Sperre wegen Zahlungsverzugs

Der Verzugs-Schwellbetrag, ab dessen Überschreitung der TK-Anbieter zur Sperre des Anschlusses berechtigt ist, wird in § 59 Abs. 4 TKG Ref-E von 75,- Euro auf nun 100,- Euro angehoben. Zudem findet dieser Verzugs-Schwellbetrag nun auch auf Internetzugangs-Verträge Anwendung, zuvor waren es nur Telefonie-Verträge.

Anrechenbare Leistungen:  In der Gesetzesbegründung führt der Gesetzgeber aus, dass auf den Betrag von 100,- Euro nur Forderungen aus Verbindungsleistungen angerechnet werden dürfen, nicht hingegen Grundgebühren, Mahngebühren und Serviceentgelte. Angesichts dessen, dass TK-Leistungen fast nur noch über Flatrates mit Grundgebühren abgerechnet werden, mutet diese Einschränkung wirklichkeitsfremd an.

Gesetzgebungsverfahren:  weiterer Ablauf

Es ist zu erwarten, dass das TKModG im Herbst vom Kabinett verabschiedet werden wird und dann ins parlamentarische Verfahren geht.
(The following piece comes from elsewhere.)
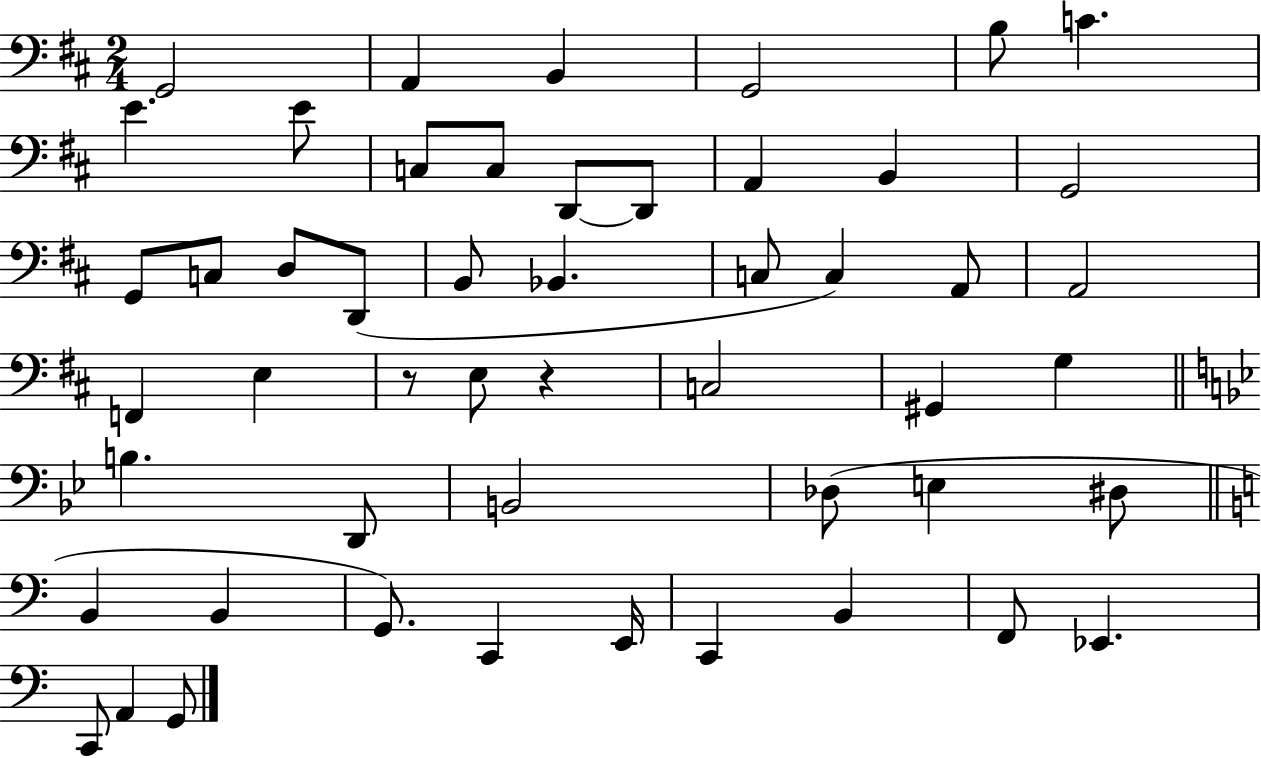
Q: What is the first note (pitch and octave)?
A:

Inkrafttreten:  Damit scheint ein Inkrafttreten zum 21.12.2020, dem Zieldatum für die Umsetzung des TK-Kodex, kaum noch möglich zu sein. Wahrscheinlicher erscheint hier das Frühjahr 2021 zu sein.

Keine Umsetzungsfrist:  In seinem Art. 56 regelt der überarbeitete Entwurf für ein TKModG, dass das Gesetz ohne Umsetzungsfrist am Tag nach Verkündung in Kraft treten soll.